A stark example of such a warning is the Bhopal protest when on the call of Congress MLA Arif Masood thousands came out to protest and raise violent slogans against the French President asking the Indian government to take a stance against the victim state.
While looking at this whole issue, one surely wonders about the cost of “freedom of expression” and what is the definition of boundaries to that freedom. This is when blasphemy is a sin, not in Quran but a hadith, which are thousands in number. Hence how many boundaries are we looking at?
Many beliefs, for example, the old cultural practice under Hinduism like Sati, widow remarriage, the class system was questioned by many great scholars, and attempts were made to reform them and they were accepted by the community after a system of checks and balances. Many other beliefs also saw many reforms with time like Martin Luther’s famous revolution in 1517 and Mu ‘tazalia rejecting wrong traditions in the 9th and 11th centuries. Protestant Christians also don’t allow using Christ’s deity or image in the church, but the other group uses it. Devotion towards the almighty comes with the benevolence of which one trait is acceptance.

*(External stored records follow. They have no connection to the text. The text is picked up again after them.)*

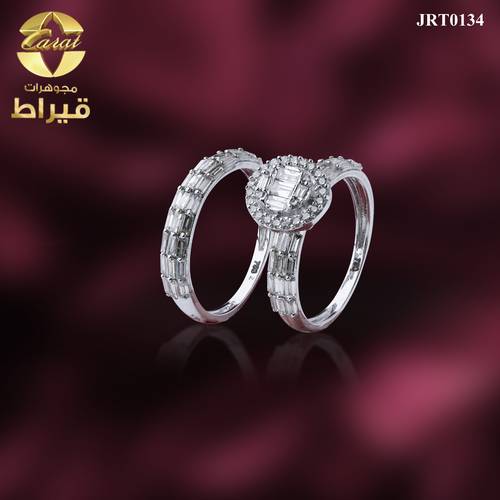 WOMEN'S 18K WHITE GOLD TWINS RING WITH DIAMONDS
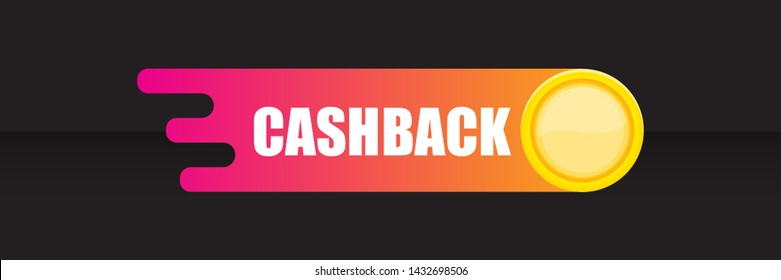 vector cash back icon with golden coins isolated on black horizontal background. cashback or money refund label horizontal banner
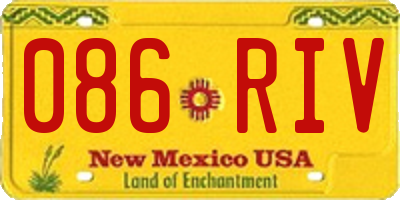 NM license plate 086RIV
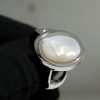 Geometric Elliptical Shell Light Luxury S925 Pure Silver Open Ring - 图片 2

A community violently demanding blasphemy laws in a country where Constitution lies above religion is being supported in a country where blasphemy is practiced openly, deities image being portrayed in the most disrespectful ways on toilet seats and footwear, naked in paintings by MF Hussain and many other forms. These only make to the headlines and some silent protests here because Indian secularism understands the weight of freedom of expression guaranteed by the Constitution. There are dissents but not beheadings, there are discourses but no warnings.
Liberal states are right to take action against the perpetrators of terrorism and worry about the environment that nourishes such fears. They have the right to form new asymmetries that match the uniformity of the state’s civil code and that is how it should be perceived as. The paradoxical nature of the protestors in India about letting Muslims in France carry Islam the way they want, which appears fundamentalist, is not only against the constitution and rights of others but also against their own actions in India.
This is the time when all kinds of the ideological intelligentsia in India will try to muddy the waters and will act as the protectors of their beliefs and God all over the world when God was the one who built and protected them once. There are two hypocrisies, first, the protection does not apply to Uighurs and other sects. Second, can the beliefs be so naive which needs laws to uphold its real value? AMU, Ludhiana, Muzaffarnagar protests showcase nothing more than the answer to this question.
David Runciman aptly mentions in How Democracy Ends: “Democracy is civil war without fighting. Failures come when proxy battles come into real ones.” That is the story of protest in India. It is time to cut through, it is the chance for India to depict its respect for the freedom of citizens, its respect for the state more than personal lenses of sects and religion, and promote the same in their opinions going abroad. Proxy battles are not helping but deviating as usual.
The prerequisite of a healthy secular democracy is embracing the asymmetries of communities but not forgetting the cardinality of “nation first”. India must support France’s right to defend its simple principle of liberty, against all challenges not by forming another challenge of totally different demographics.
The author is a member of an Indo-Pacific research group. Views expressed are personal.